Write out the listing below in full and exactly, leaving out every picture.
━━ INPUT RECORDS ━━
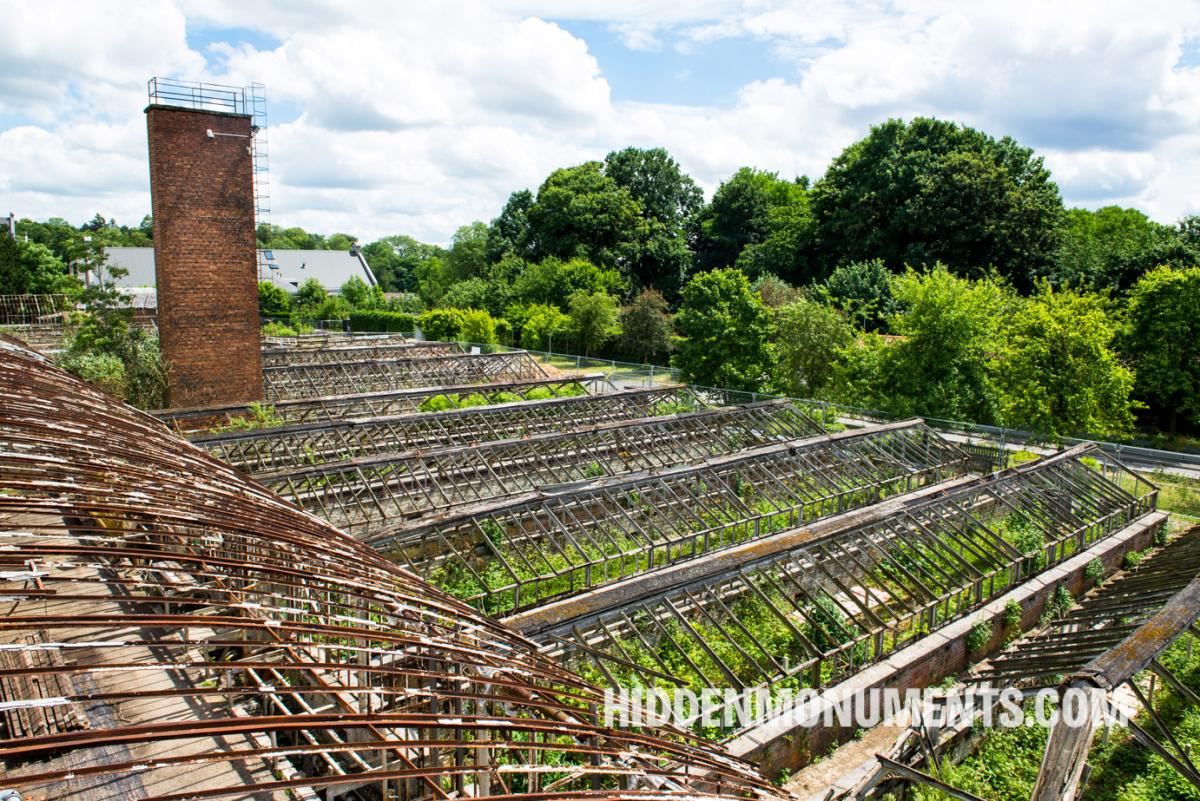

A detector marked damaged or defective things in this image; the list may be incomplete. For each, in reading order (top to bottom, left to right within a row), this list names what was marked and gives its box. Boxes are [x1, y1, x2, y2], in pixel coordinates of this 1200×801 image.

rusted greenhouse frame [262, 342, 464, 370]
rusted greenhouse frame [157, 374, 608, 434]
rusted greenhouse frame [0, 338, 788, 800]
rusted greenhouse frame [262, 348, 548, 400]
rusted greenhouse frame [192, 382, 708, 472]
rusted greenhouse frame [262, 400, 824, 536]
rusted greenhouse frame [370, 418, 972, 612]
rusted greenhouse frame [540, 444, 1160, 732]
━━━
FINISHED EXERCISE:
A detector marked damaged or defective things in this image; the list may be incomplete. For each, in reading order (top to bottom, left to right within a row), this list names what was marked and gives its box. Boxes are [x1, y1, x2, y2], in pixel coordinates of this 1200×801 image.

rusted greenhouse frame [262, 342, 464, 370]
rusted greenhouse frame [157, 374, 608, 434]
rusted greenhouse frame [0, 338, 788, 800]
rusted greenhouse frame [262, 348, 548, 400]
rusted greenhouse frame [192, 382, 708, 472]
rusted greenhouse frame [262, 400, 824, 536]
rusted greenhouse frame [370, 418, 972, 612]
rusted greenhouse frame [540, 444, 1160, 732]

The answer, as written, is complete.